Let $\boldsymbol{x}$ and $\boldsymbol{y}$ be your two vectors and let $\boldsymbol{\bar{x}} \equiv \bar{x} \boldsymbol{1}$ and $\boldsymbol{\bar{y}} \equiv \bar{y} \boldsymbol{1}$ be constant vectors for the means of the two original vectors. The components of the sample correlation are:

$$\begin{matrix} s_{x,y}^2 = \frac{1}{n-1} (\boldsymbol{x} - \boldsymbol{\bar{x}}) \cdot (\boldsymbol{y} - \boldsymbol{\bar{y}}) & & s_x = \frac{1}{n-1} ||\boldsymbol{x} - \boldsymbol{\bar{x}}|| & & s_y = \frac{1}{n-1} ||\boldsymbol{y} - \boldsymbol{\bar{y}}||. \end{matrix}$$

The sample correlation between $\boldsymbol{x}$ and $\boldsymbol{y}$ is just the cosine of the angle between the vectors $\boldsymbol{x} - \boldsymbol{\bar{x}}$ and $\boldsymbol{y} - \boldsymbol{\bar{y}}$. Letting this angle be $\theta$ we have:

$$\rho_{x,y} = \frac{(\boldsymbol{x} - \boldsymbol{\bar{x}}) \cdot (\boldsymbol{y} - \boldsymbol{\bar{y}})}{||\boldsymbol{x} - \boldsymbol{\bar{x}}|| \cdot ||\boldsymbol{y} - \boldsymbol{\bar{y}}||} = \cos \theta.$$

Since scaling of either vector scales the covariance and standard deviation equivalently, this means that correlation is unaffected by scale. It is not correct to say that a low standard deviation gives a high correlation. What matters for correlation is the angle between the vectors, not their lengths.
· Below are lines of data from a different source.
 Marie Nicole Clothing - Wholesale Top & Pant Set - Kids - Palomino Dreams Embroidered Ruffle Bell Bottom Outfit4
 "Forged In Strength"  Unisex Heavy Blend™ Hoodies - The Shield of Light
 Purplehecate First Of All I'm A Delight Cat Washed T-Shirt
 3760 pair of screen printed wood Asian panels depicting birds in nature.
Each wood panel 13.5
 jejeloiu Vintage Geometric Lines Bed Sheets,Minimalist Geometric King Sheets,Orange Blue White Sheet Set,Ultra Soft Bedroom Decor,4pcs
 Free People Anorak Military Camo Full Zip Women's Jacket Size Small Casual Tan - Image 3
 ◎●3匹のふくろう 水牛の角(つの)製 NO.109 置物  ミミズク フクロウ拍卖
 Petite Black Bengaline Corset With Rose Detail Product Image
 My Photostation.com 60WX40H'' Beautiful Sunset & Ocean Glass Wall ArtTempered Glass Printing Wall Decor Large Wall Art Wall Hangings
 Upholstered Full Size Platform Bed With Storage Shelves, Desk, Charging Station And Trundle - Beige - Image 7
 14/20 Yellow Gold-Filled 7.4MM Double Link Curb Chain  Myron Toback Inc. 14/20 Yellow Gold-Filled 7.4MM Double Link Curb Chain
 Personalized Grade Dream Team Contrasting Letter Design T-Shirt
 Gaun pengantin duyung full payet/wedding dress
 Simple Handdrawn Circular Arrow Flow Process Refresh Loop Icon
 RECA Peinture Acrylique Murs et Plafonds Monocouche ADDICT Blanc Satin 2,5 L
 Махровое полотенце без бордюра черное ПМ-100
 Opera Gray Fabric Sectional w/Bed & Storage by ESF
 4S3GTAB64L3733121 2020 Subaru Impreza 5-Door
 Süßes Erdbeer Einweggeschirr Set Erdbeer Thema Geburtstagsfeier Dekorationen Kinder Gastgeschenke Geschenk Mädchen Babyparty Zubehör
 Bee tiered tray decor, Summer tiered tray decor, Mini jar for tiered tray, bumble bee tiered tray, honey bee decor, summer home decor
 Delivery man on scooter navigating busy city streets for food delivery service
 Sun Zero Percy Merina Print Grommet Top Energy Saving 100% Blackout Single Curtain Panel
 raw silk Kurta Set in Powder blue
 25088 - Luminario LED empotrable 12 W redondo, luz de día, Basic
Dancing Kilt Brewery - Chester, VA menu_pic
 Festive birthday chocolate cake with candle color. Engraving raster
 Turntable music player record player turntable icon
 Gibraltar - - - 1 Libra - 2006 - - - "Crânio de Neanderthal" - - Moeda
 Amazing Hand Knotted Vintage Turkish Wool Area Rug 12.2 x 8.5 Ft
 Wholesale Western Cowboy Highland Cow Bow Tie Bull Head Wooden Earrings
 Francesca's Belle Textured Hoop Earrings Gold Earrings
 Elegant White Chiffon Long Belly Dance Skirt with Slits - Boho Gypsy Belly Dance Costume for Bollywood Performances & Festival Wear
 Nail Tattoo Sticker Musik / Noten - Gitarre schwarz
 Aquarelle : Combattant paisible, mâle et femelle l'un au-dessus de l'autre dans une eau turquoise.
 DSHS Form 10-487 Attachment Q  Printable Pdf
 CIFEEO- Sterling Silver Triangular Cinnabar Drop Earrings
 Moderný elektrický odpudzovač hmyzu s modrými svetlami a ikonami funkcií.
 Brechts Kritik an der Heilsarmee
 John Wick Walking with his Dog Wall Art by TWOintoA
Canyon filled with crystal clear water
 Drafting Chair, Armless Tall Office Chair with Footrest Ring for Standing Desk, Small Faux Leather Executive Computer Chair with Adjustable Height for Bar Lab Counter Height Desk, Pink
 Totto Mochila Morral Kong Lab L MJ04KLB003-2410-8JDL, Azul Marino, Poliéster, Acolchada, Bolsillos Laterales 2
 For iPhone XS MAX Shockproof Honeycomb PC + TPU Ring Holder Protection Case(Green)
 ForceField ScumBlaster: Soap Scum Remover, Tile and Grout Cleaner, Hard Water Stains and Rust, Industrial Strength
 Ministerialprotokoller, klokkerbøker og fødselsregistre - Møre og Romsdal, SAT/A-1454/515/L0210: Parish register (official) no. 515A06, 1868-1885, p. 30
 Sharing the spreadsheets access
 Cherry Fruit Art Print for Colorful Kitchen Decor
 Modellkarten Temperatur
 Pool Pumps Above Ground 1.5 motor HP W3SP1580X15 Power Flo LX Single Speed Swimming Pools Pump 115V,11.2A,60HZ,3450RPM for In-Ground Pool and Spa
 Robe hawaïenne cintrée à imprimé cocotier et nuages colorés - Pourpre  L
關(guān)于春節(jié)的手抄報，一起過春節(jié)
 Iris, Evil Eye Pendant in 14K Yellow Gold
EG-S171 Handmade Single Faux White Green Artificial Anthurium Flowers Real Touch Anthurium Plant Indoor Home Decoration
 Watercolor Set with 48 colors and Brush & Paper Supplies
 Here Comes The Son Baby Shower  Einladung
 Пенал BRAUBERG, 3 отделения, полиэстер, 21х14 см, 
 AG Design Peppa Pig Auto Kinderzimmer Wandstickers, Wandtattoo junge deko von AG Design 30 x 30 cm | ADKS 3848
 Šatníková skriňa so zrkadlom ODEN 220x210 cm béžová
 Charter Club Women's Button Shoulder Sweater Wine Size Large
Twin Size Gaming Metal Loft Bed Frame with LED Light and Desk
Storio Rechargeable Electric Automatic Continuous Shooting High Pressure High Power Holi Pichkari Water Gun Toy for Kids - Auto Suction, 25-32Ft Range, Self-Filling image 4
In the special case where $\boldsymbol{y} \propto \boldsymbol{1}$ (i.e., $\boldsymbol{y}$ is a constant vector) you have $\boldsymbol{y} - \boldsymbol{\bar{y}} = \boldsymbol{0}$ which then gives $s_{x,y}^2 = 0$ and $s_{y} = 0$. In this case the correlation is undefined. Geometrically this occurs because there is no defined angle with the zero vector.